Look at it, freakin beautiful x'D


----------



## pgriz

The design probably works for people with short noses.  Although if you're going to go that way, you need another grip on the left (right in image), and another set of buttons/wheels on that side as well.  Better patent that idea, before Canon steals it as a way to boost lens sales.  Oh wait - maybe this is the opportunity to have both wide angle and telephoto in at the same time?


----------



## Overread

That's not the 7DMII that's the 7D3D


----------



## swiftparkour94

Overread said:
			
		

> That's not the 7DMII that's the 7D3D



HAHA!!! New feature!! I saw a stupid video on YouTube, this guy said his GoPro was the 7D Mark II "It is really portable and only has 2 buttons! Look, *presses shutter button* did you hear it take a picture? It's so silent!" lol


----------



## swiftparkour94

pgriz said:
			
		

> The design probably works for people with short noses.  Although if you're going to go that way, you need another grip on the left (right in image), and another set of buttons/wheels on that side as well.  Better patent that idea, before Canon steals it as a way to boost lens sales.  Oh wait - maybe this is the opportunity to have both wide angle and telephoto in at the same time?

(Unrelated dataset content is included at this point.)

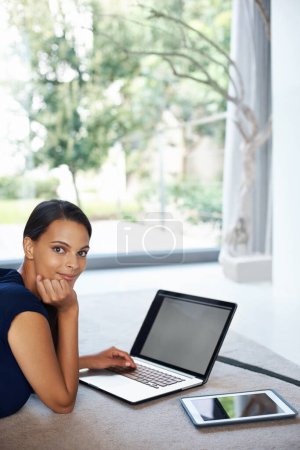 Photo for Computer, smile and portrait of woman relaxing on carpet working on freelance project at home. Happy, technology and female person with laptop for creative research laying on floor mat in living room. - Royalty Free Image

I'm not going to lie, this would be a cool Frankenstein sort of idea to try. I think duct tape would do the trick ha


----------



## Fishmaster

Looks like a new eyeglass design from Lens Crafters. Can you imagine looking thru them with a pair of fisheye lenses? That would ruin your day.


----------



## swiftparkour94

Fishmaster said:
			
		

> Looks like a new eyeglass design from Lens Crafters. Can you imagine looking thru them with a pair of fisheye lenses? That would ruin your day.



Going by your username, you'd probably warm to it quit well


----------



## Fishmaster

You suppose that camera works underwater???


----------



## swiftparkour94

Fishmaster said:
			
		

> You suppose that camera works underwater???



I'd bet it would, even with the lens off!


----------



## Tony S

That's gonna be a real #itch to carry with a pair of 400 2.8's on board.


----------



## pgriz

Tony S said:


> That's gonna be a real #itch to carry with a pair of 400 2.8's on board.



Who said anything about carrying?  The OP didn't show the accessory that comes with it.  It's mounted on gun support of the demilitarized Humvee.


----------



## swiftparkour94

pgriz said:
			
		

> Who said anything about carrying?  The OP didn't show the accessory that comes with it.  It's mounted on gun support of the demilitarized Humvee.



It comes with an additional hello kitty stickers for a fee of $50!


----------



## tonyo

Wow! I like this concept... one with wide angle lens, the other with telephoto... 2 in 1!


----------



## Professional

When you shoot, how many cards do you insert? Do it taking dual pics at one click once?


----------



## mustafanazif

swiftparkour94 said:


> Look at it, freakin beautiful x'D



funny... its looking useful for 3D shots : ) but nice idea....


----------